Possible spin quantum numbers are S = 2, 1, 0, The S = 2 and 0 spin states are even under the exchange of the particles and the S = 1 state is odd.
The total ψ must be symmetric under exchange, so we need S = 2 or 0.
ψ = ψ₁₀₀(r₁)ψ₁₀₀(r₂)χ_2m or ψ = ψ₁₀₀(r₁)ψ₁₀₀(r₂)χ₀₀.
The ground state is 5 + 1 = 6 fold degenerate.
(b) Assume one electron is in the |100> and the other in the |200> state.
Then ψ_space can be symmetric or antisymmetric.
ψ_space = 2^-½(ψ₁₀₀(r₁)ψ₂₀₀(r₂) + ψ₁₀₀(r₂)ψ₂₀₀(r₁)) = ψ_ex(even),
or
ψ_space = 2^-½(ψ₁₀₀(r₁)ψ₂₀₀(r₂) - ψ₁₀₀(r₂)ψ₂₀₀(r₁)) = ψ_ex(odd).
We need ψ = ψ_ex(even)*χ(even) or ψ = ψ_ex(odd)*χ(odd).
ψ = ψ_ex(e)*χ_2m or ψ = ψ_ex(e)*χ₀₀ or ψ = ψ_ex(o)χ_1m.
The the states with the antisymmetric ψ_space have smaller <H'> = <e²/|r₁- r₂|> since they vanish at r₁ = r₂.
They therefore lie lower in energy than the states with the symmetric ψ_space.
So for the energy level diagram we have
                               ------- ψ_ex(e)_χ2m or ψ_exe(e)χ₀₀    (degeneracy: 5 + 1)
excited state -------
                               ------- ψ_ex(o)_χ1m                         (degeneracy: 3)
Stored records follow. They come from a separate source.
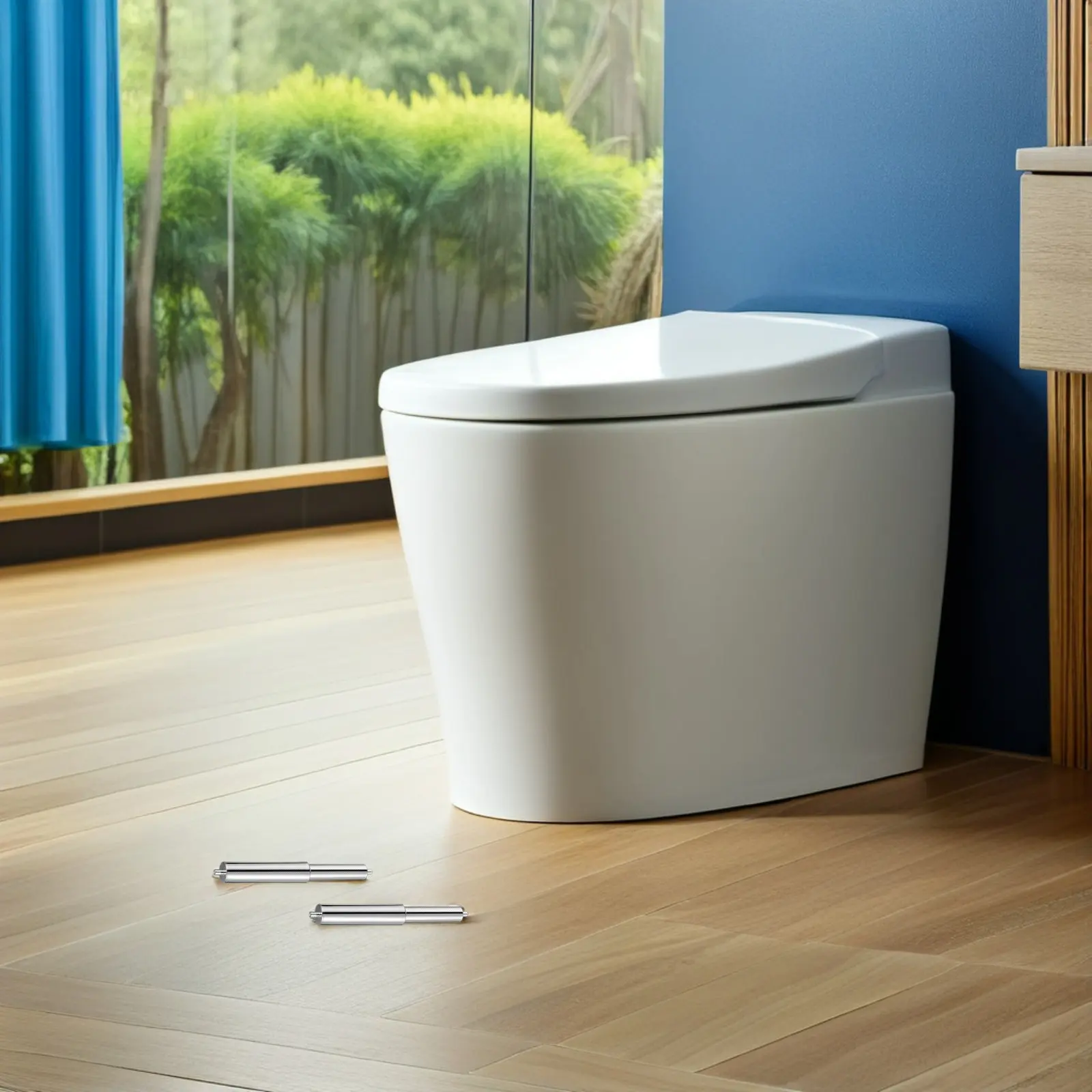 

10 шт. хромированных универсальных регулируемых пружинных шпинделей из нержавеющей стали для держателей туалетной бумаги для ванной комнаты и туалета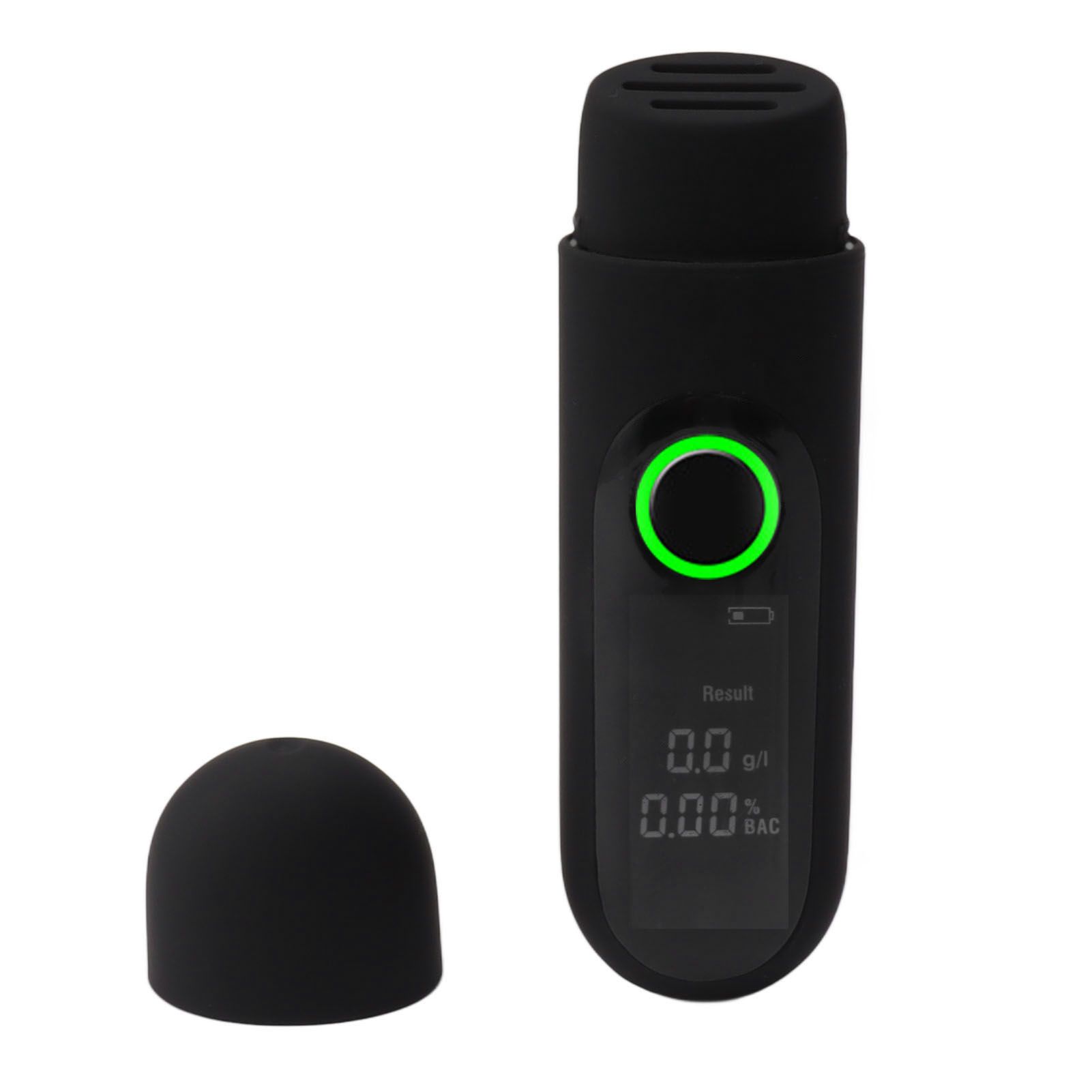 Digital Alcohol Tester High Accuracy LCD HD Display USB Rechargeable Portable Breath Tester for Home Use Black - Image 6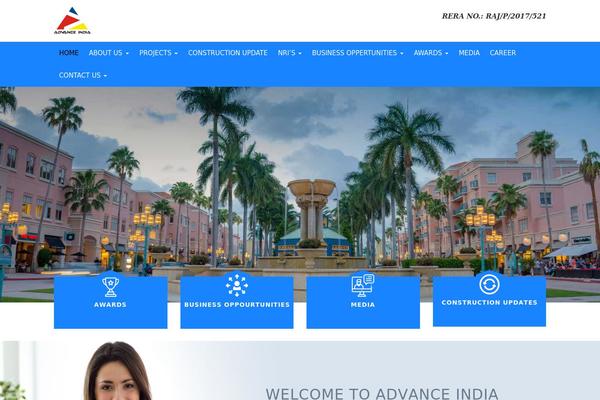 advanceindiagroup.com site used financeup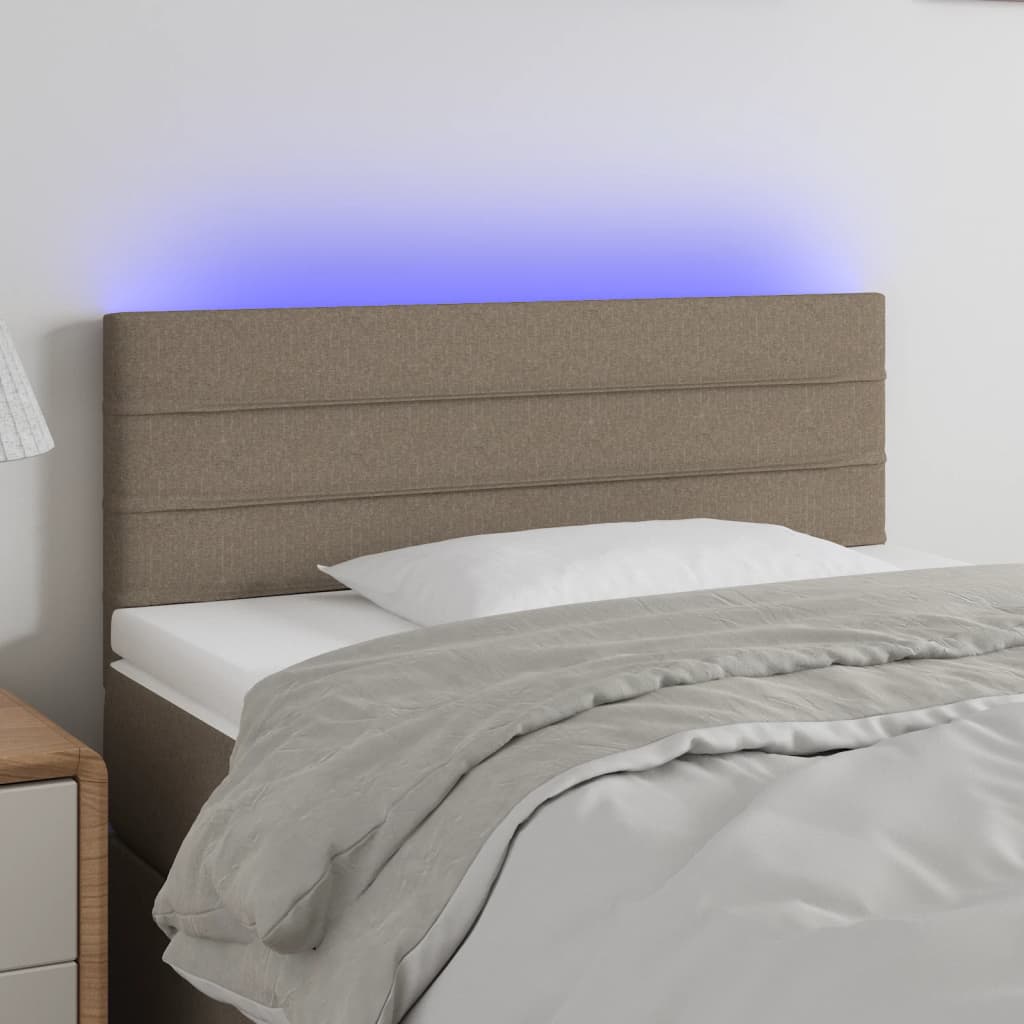 Hoofdbord LED 100x5x78/88 cm stof taupe is nu te koop bij PeponiXL, paradijselijk wonen!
ground state   ------- ψ_gχ_2m or ψ_gχ₀₀                          (degeneracy: 5 + 1)

Problem 3:

Consider an excited Nitrogen atom with a an electronic configuration (1s)², (2s)², (2p)², (3s).
Find the spectroscopic terms ^2S+1L_J that characterize the system.
Solution:

Concepts:
The Pauli exclusion principle, energy levels of multi-electron atoms, addition of angular momentum
Reasoning:
The Pauli exclusion principle states that no two identical fermions can have exactly the same set of quantum numbers. We use it to find the allowed terms ^2S+1L.
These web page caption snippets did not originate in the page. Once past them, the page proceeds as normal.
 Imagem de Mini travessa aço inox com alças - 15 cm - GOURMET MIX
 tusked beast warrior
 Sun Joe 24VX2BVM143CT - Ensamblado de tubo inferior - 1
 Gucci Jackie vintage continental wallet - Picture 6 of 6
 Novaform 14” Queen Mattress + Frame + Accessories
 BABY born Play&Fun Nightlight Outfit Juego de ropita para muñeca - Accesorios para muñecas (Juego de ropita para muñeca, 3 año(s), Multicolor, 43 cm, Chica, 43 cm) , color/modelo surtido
Details of the calculation:
For identical fermions the total wave function must be antisymmetric under exchange of any two particles.
Let (o) denote antisymmetric or odd, (e) denote symmetric or even.
First add the angular momentum of the two 2p electrons.

(3p)²		Possible terms
L₁₂	S₁₂
0 (e)	0 (o)	¹S
1 (o)	1 (e)	³P
2 (e)	0 (o)	¹D

Now add to this the angular momentum of the 3s electron.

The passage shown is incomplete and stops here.